Título: Quando Fui Mortal
Autor: Javier Marías
Sinopse: Javier Marías foi vizinho de Vladimir Nabokov nos Estados Unidos. Como o espanhol tinha um ano de idade, entretanto, e foi para lá com o pai, que dava aulas numa universidade americana, não consta que tenha sido influenciado por conversas com o russo expatriado - e tampouco visitado por seu fantasma. Essa história, verdadeira, não está em Quando fui mortal, mas bem que poderia. O que não falta nos doze contos do livro são encontros inesperados cujos desdobramentos são ainda mais surpreendentes. As vidas sobre as quais Marías se debruça e observa, seja como fantasma, seja como mortal, são repletas de pequenos episódios aparentemente desimportantes, mas que na verdade se mostram cheios de encantamento e possibilidades. Como o fantasma do conto que dá título ao livro, Marías paira sobre os seus protagonistas, observados com uma ironia que quase disfarça o olhar carinhoso, revisitando acontecimentos e diálogos e conferindo a eles, assim, mais sentido e vigor. Há muitos mortos no livro, evidentemente, mas o fundamental para o autor não é a morte: é a vida, particularmente a vida pequena e cotidiana.
Contexto da obra
Na ficção, o interesse por um livro costuma começar na história, mas não termina nela. “Quando Fui Mortal”, de Javier Marías, publicado pela editora Companhia das Letras, em 2006 e com 168 páginas, integra a categoria Livros de Ficção. Por isso, o livro tende a ganhar mais presença quando o leitor observa também como a história é contada.

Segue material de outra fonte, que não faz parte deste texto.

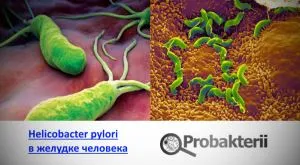 Лечение на Helicobacter бактерии в стомаха, които причиняват язви, рак на стомаха народната медицина
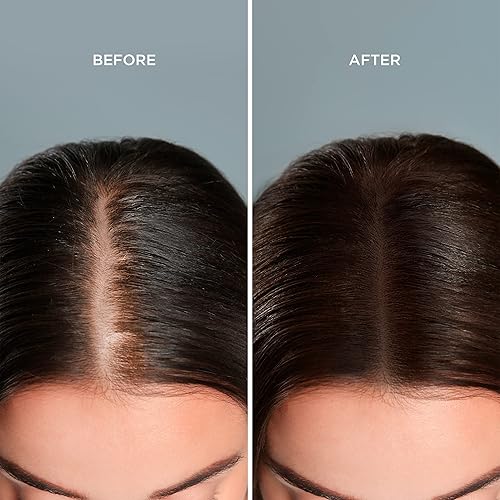 Miniatura 6 de Moehair Kit de viaje para el cuidado del cabello, champú, acondicionador, tónico protector capilar y mascarilla para el cabello, fabricado en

Editora: Companhia das Letras
Páginas: 168
Ano: 2006
Edição:
Linguagem: PORTUGUES
ISBN: 8535908706
ISBN13: 9788535908701
- Encadernação: BROCHURA
- Peso (kg): 0,248
- Altura (cm): 21,00
- Largura (cm): 14,00
- Espessura (cm): 1,30
Sobre a editora
Os livros da editora Companhia Das Letras oferecem uma experiência de leitura que varia entre o íntimo e o social, com narrativas que exploram conflitos familiares, questões históricas e políticas, além de temas contemporâneos como violência e memória. O catálogo privilegia obras que mesclam profundidade psicológica e crítica social, apresentando personagens complexos e ambientes que vão do Brasil urbano à paisagem natural, passando por contextos históricos e culturais diversos. Há um equilíbrio entre textos mais narrativos, como romances e contos, e obras informativas ou ensaísticas que dialogam com a história, política e ciências sociais. O tom pode ser tanto reflexivo e melancólico quanto ágil e envolvente, com ritmo que ora convida à contemplação, ora mantém a tensão do suspense.